Task to complete>
The exercise calls for exact output of the lines between the one that contains "Broche torsadée Chanel CC plaquée or doré" and the end of the data, with both ends kept and pictures left out.
-.-.-
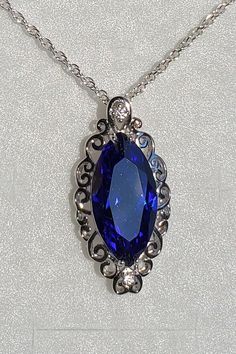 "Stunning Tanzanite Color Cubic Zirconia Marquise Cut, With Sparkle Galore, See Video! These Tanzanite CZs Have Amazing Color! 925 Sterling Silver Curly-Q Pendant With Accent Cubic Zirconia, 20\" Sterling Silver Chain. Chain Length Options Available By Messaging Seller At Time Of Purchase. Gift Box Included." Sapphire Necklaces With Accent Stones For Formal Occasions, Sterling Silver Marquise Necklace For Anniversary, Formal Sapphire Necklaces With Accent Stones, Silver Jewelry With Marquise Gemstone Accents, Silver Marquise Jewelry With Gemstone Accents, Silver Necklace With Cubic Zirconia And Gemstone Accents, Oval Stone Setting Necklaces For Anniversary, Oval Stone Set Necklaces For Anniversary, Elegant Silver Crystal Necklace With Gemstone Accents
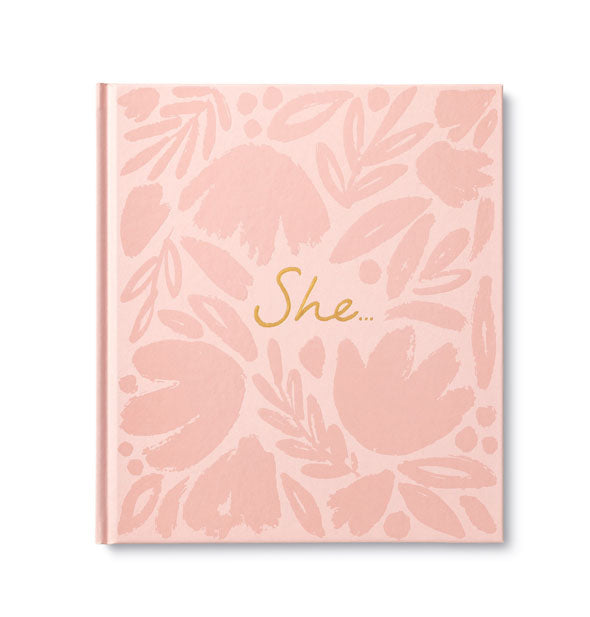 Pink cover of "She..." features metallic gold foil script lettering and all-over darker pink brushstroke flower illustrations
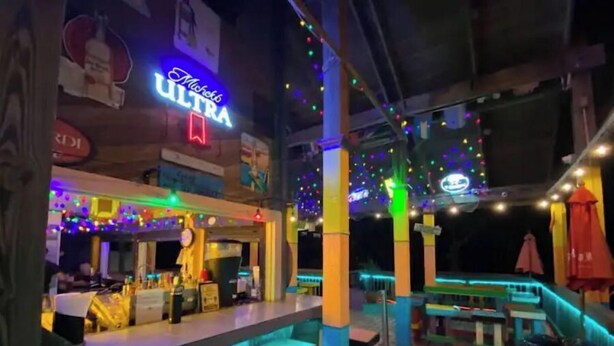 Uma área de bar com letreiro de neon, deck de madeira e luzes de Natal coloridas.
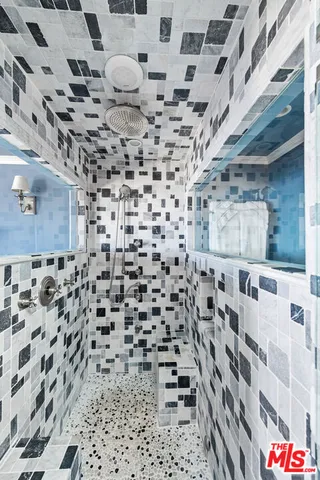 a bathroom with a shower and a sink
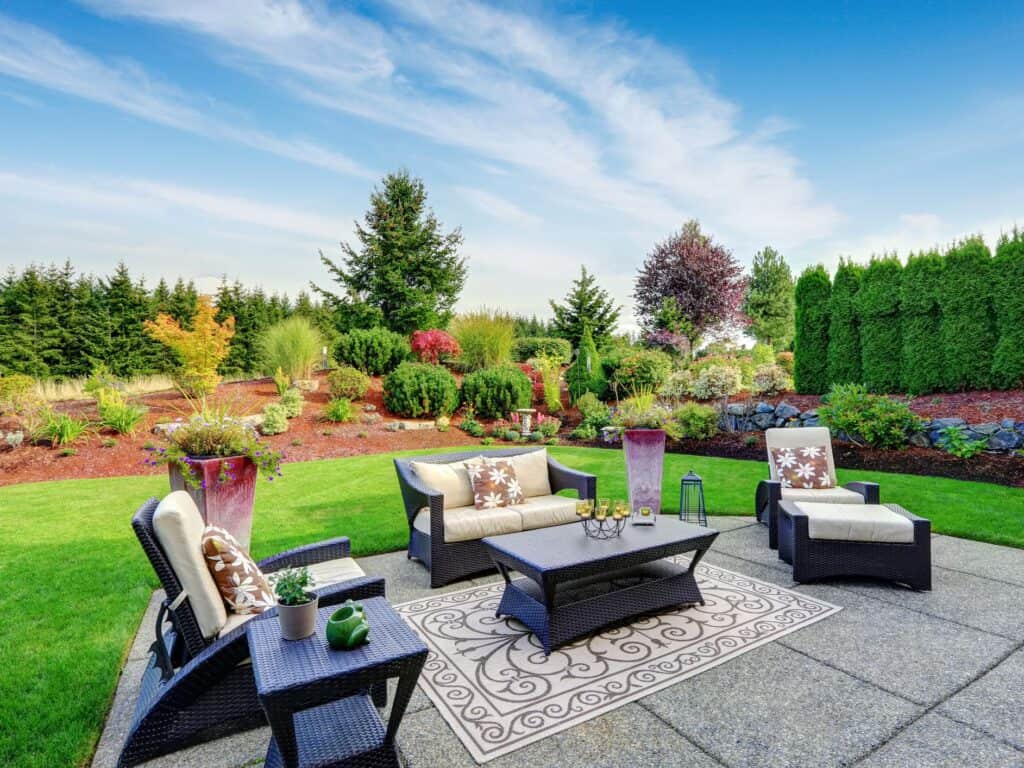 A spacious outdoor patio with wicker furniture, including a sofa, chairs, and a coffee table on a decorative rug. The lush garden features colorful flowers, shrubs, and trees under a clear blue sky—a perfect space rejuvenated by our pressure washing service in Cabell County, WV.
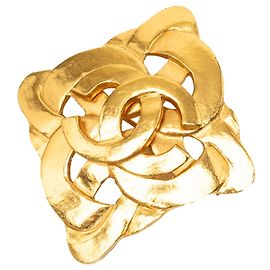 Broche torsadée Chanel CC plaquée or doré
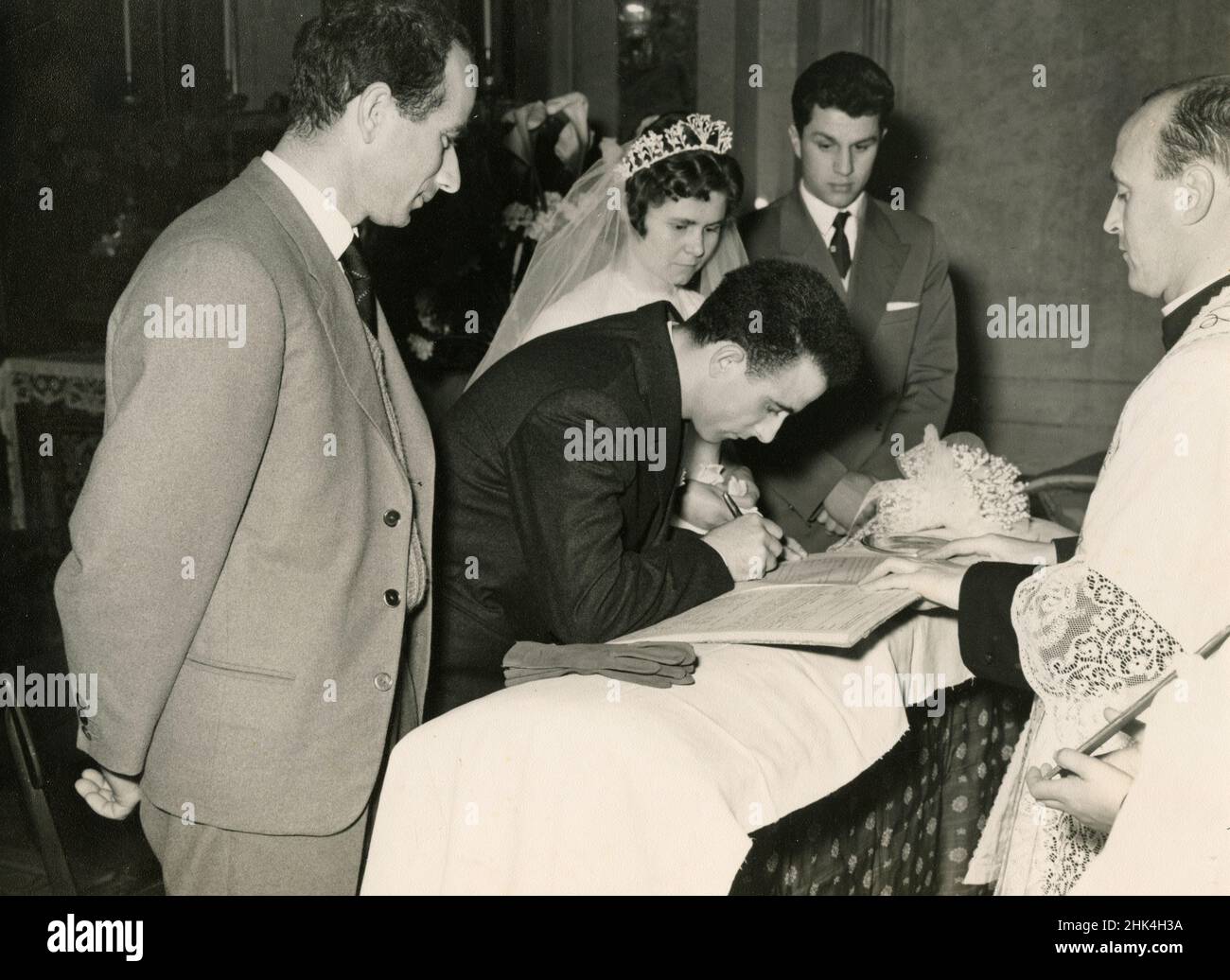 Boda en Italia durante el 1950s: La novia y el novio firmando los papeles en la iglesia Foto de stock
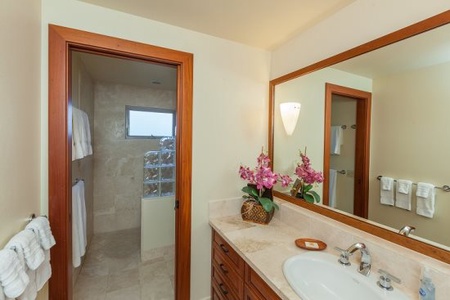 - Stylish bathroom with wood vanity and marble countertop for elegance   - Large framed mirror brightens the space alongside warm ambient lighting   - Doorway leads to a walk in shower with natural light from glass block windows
-.-.-
Response area>
 Broche torsadée Chanel CC plaquée or doré
 Boda en Italia durante el 1950s: La novia y el novio firmando los papeles en la iglesia Foto de stock
 - Stylish bathroom with wood vanity and marble countertop for elegance   - Large framed mirror brightens the space alongside warm ambient lighting   - Doorway leads to a walk in shower with natural light from glass block windows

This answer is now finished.